Magnetostriction and tunneling magnetoresistance of CoFeB∕AlOx∕Co∕IrMn junctions

Abstract

Cross-strip magnetic tunnel junctions (MTJs) were fabricated following this sequence: Si(100)∕Ta(30Å)∕CoFeB(80Å)∕AlOx(to)∕Co(70Å)∕IrMn(90Å)∕Ta(100Å), under an in-plane deposition field (h)=500Oe, where to=12, 17, 22, and 26Å is the thickness of the AlOx layer. From the resistance (Ro) versus to plot, Ro increases from 255to1138Ω exponentially, as to increases from 12to26Å. This indicates that the quantum tunneling mechanism is valid in our case. Furthermore, the tunneling magnetoresistance (TMR) increases initially from 49% to 63% and then decreases to 33%, as to increases monotonically. This shows that with the increase of the barrier thickness, to⩾17Å, the spin polarization in the current after tunneling is weakened eventually.
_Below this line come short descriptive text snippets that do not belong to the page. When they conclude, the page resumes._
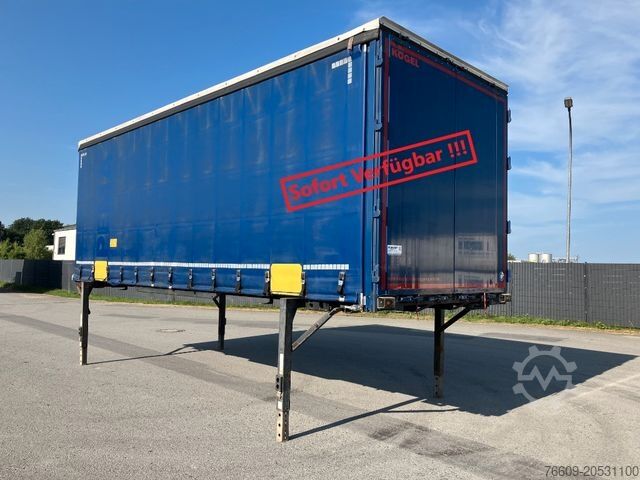 Wissellaadbak oplegger KÖGEL Wechselbrücke Plane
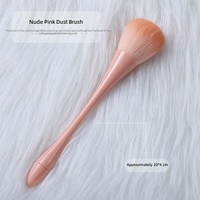 Pinceau à poudre irisée TSZS Aurora, manche long et fin, pour manucure, nettoyage et élimination de la poudre, outil d'art pour salon de manucure
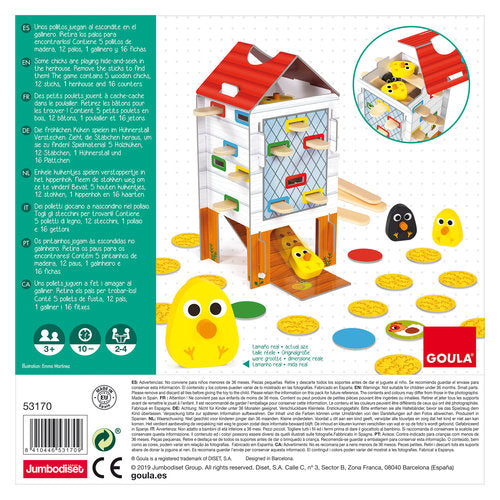 Juego de mesa Happy Chicken - Goula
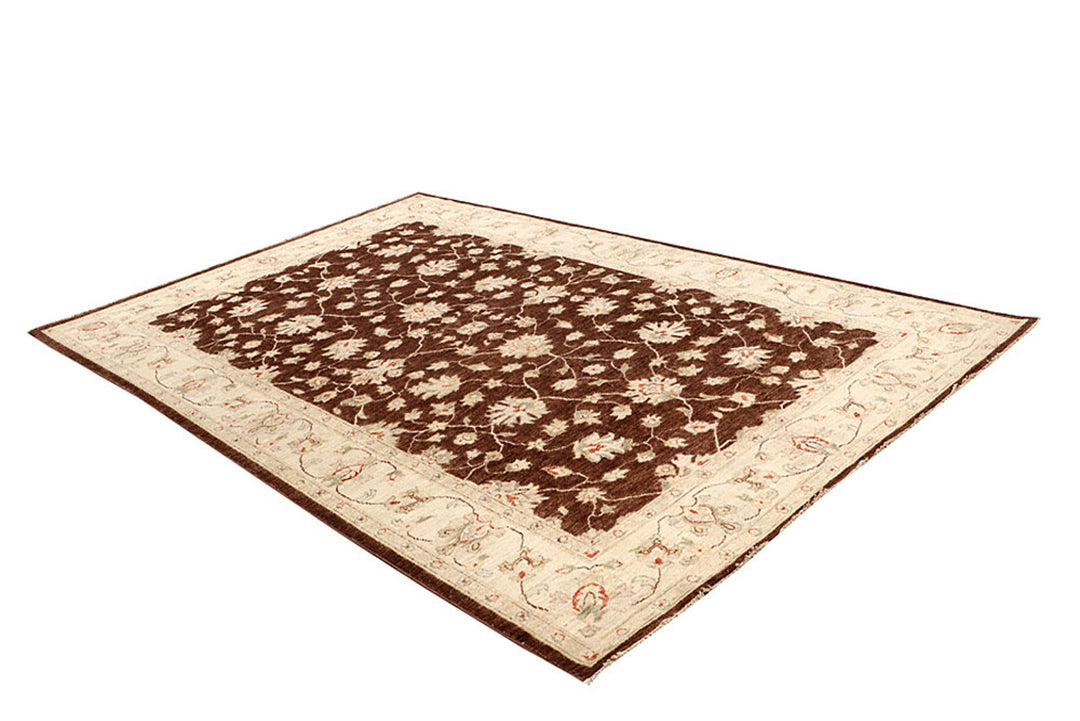 Saddle Brown Ziegler 6'  5" x 9'  9" - No. QA67517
The microstructure of the to=17Å MTJ observed under high-resolution cross-sectional transmission electron microscope shows that the interfaces between CoFeB∕AlOx and AlOx∕Co are smooth, resulting in the high TMR ratio observed. Saturation magnetostriction (λs) of this series of CoFeB∕AlOx∕Co MTJs ranges from −5to−2ppm. The λs versus to plot also shows the concave-up feature. Finally, we find that the optimal MTJ has the following properties: TMR=63% and λs=−5ppm.